Tips for choosing the best RV for full-time living

Choosing a trailer or motorhome to live in full time (or for extended periods) means considering more than you would for part-time camping. Everyone will have a different answer regarding the “best” RV brands, models, etc., because everyone’s needs and preferences are different.

So, how do you choose?

In this guide, we’ll go over some of the questions you should ask yourself to determine what to look for when purchasing an RV as a full-timer.

A full-time floor plan

Many people will tell you not to choose an RV based on the floor plan alone. This may be good advice, but it doesn’t mean you shouldn’t look for an RV with a floor plan you love. The layout of your RV has a lot to do with how comfortable you’ll be on a daily basis. It’s much easier to put up with minor annoyances when you only use your RV a few times per year than when you have to deal with them full-time.

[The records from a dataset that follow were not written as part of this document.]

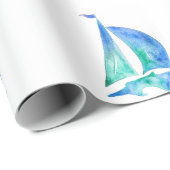 Waterverf met zeilboot wrappingpapier cadeaupapier (Rol Hoek)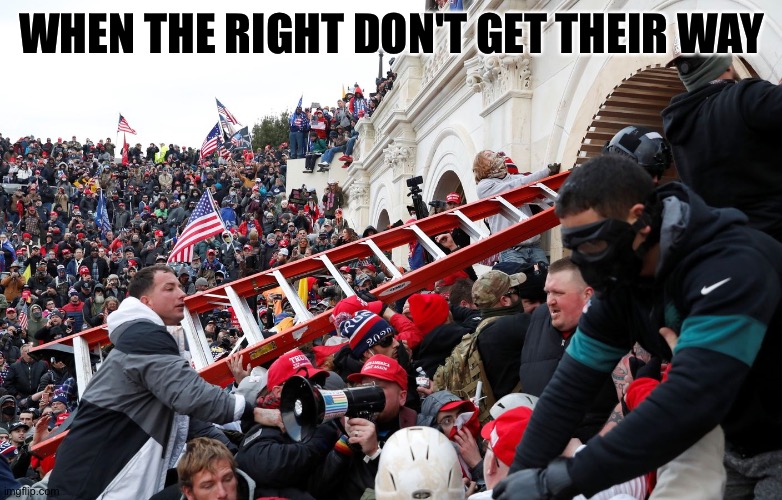 Qanon - Insurrection - Trump riot - sedition | WHEN THE RIGHT DON'T GET THEIR WAY | image tagged in qanon - insurrection - trump riot - sedition | made w/ Imgflip meme maker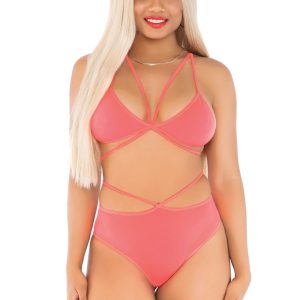Leg Avenue Lingerie: set coordinato due pezzi color rosa corallo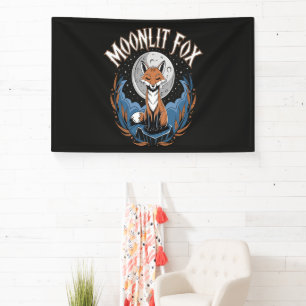 Moonlit Fox Celestial Night Banner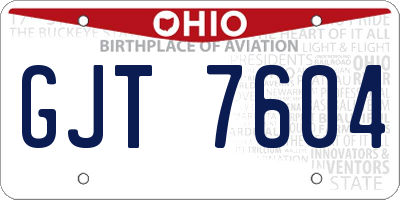 OH license plate GJT7604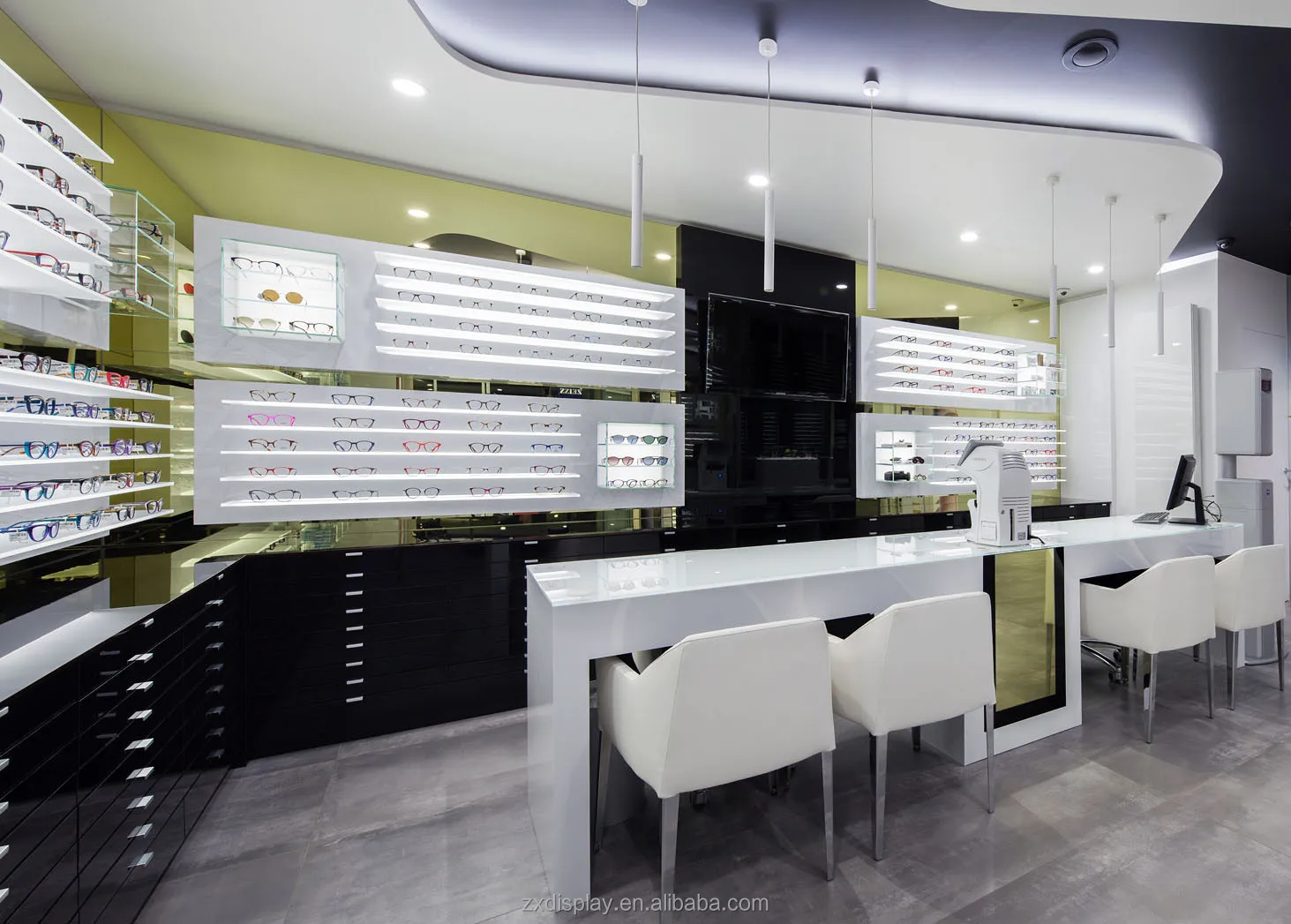 High End Optical Shop Fitting Store Fixtures Optical Display Cabinet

Here are some things to think about when it comes to your RV’s floor plan:

Cooking and eating

  • Do you cook most of your meals at home? Think about counter space for chopping vegetables, storing kitchen appliances, doing dishes, etc.
  • Will you be cooking over campfires? If you plan to do most of your cooking outdoors, you might be okay with a smaller kitchen, but don’t forget about when it rains or gets cold outside!
  • Will your electricity be limited? If you plan to be off-grid or boondock to save money on campsite fees, you won’t be able to rely on microwaving your food. You might want to steer clear of an RV that doesn’t have an oven.
  • Are you more likely to eat at a dining table, on the couch, or outside? The space could be used for another purpose if you don’t need a dining table for eating or working.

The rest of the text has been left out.